### WHAT IS EXPECTED
Please repeat exactly, and only, the lines from the one containing "Bandai Power Rangers" through the end of the records below, with no pictures.

### Crawled caption data
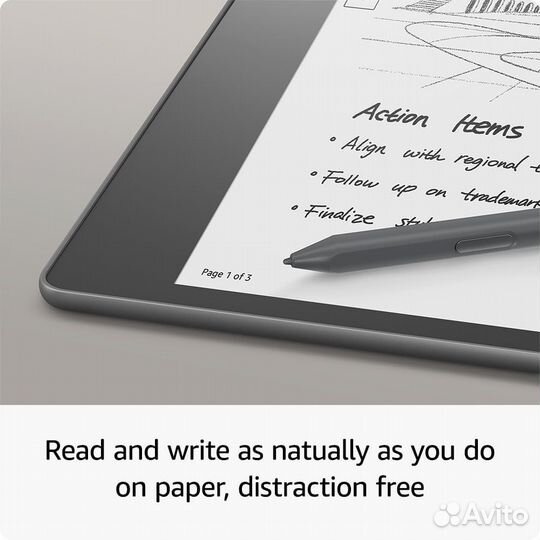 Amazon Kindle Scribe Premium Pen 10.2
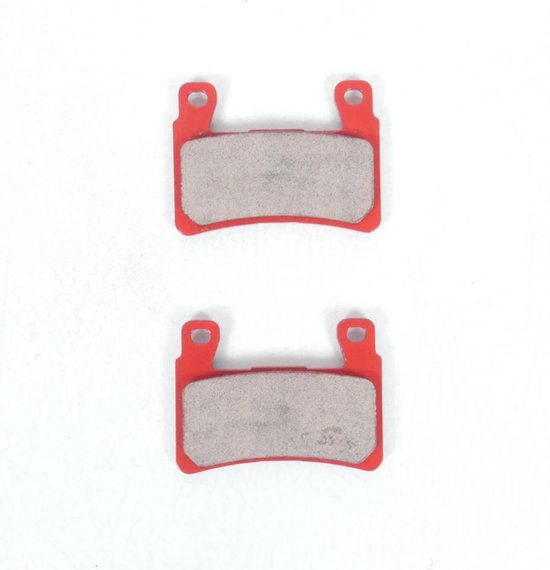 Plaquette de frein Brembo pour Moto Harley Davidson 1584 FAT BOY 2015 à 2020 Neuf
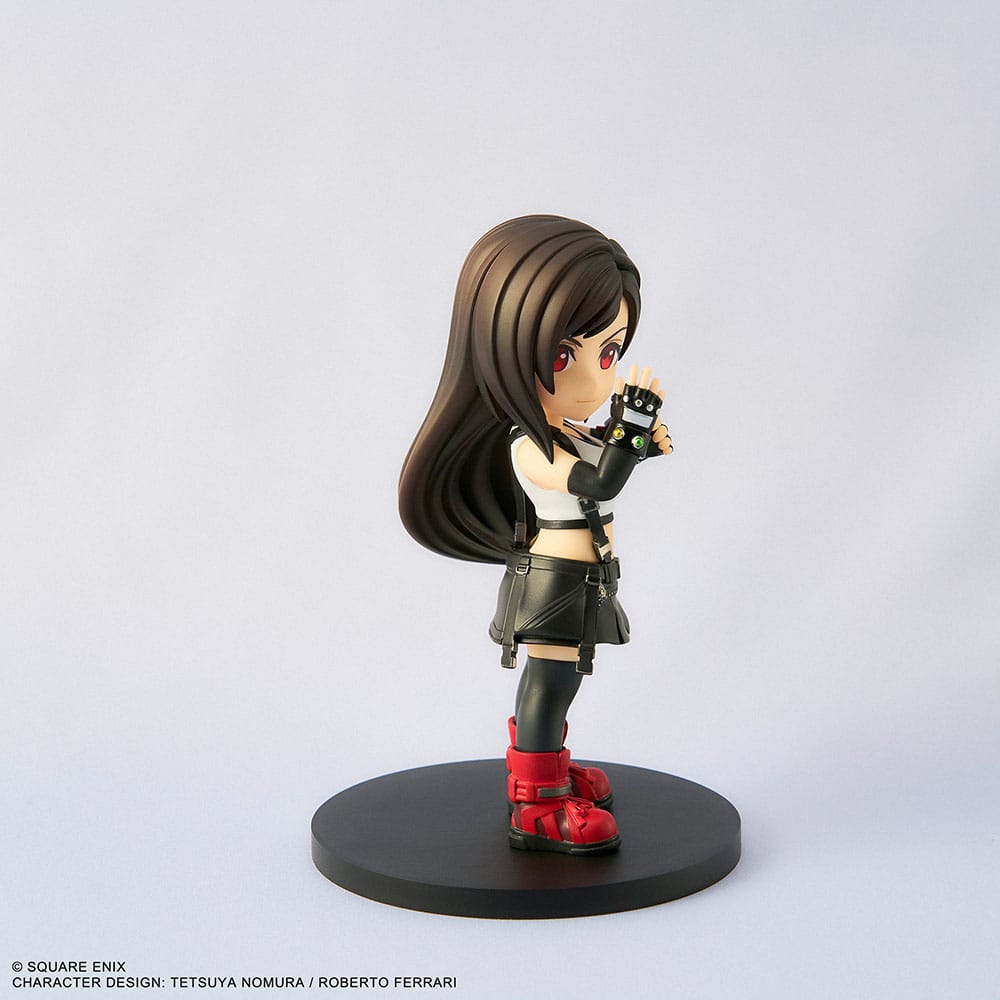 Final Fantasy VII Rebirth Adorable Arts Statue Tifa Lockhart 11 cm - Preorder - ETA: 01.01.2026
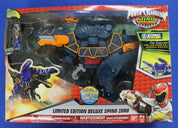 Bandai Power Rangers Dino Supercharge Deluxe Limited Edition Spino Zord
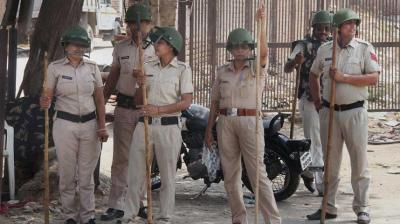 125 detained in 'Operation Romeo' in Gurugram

### SOLUTION FOR THIS EXERCISE
 Bandai Power Rangers Dino Supercharge Deluxe Limited Edition Spino Zord
 125 detained in 'Operation Romeo' in Gurugram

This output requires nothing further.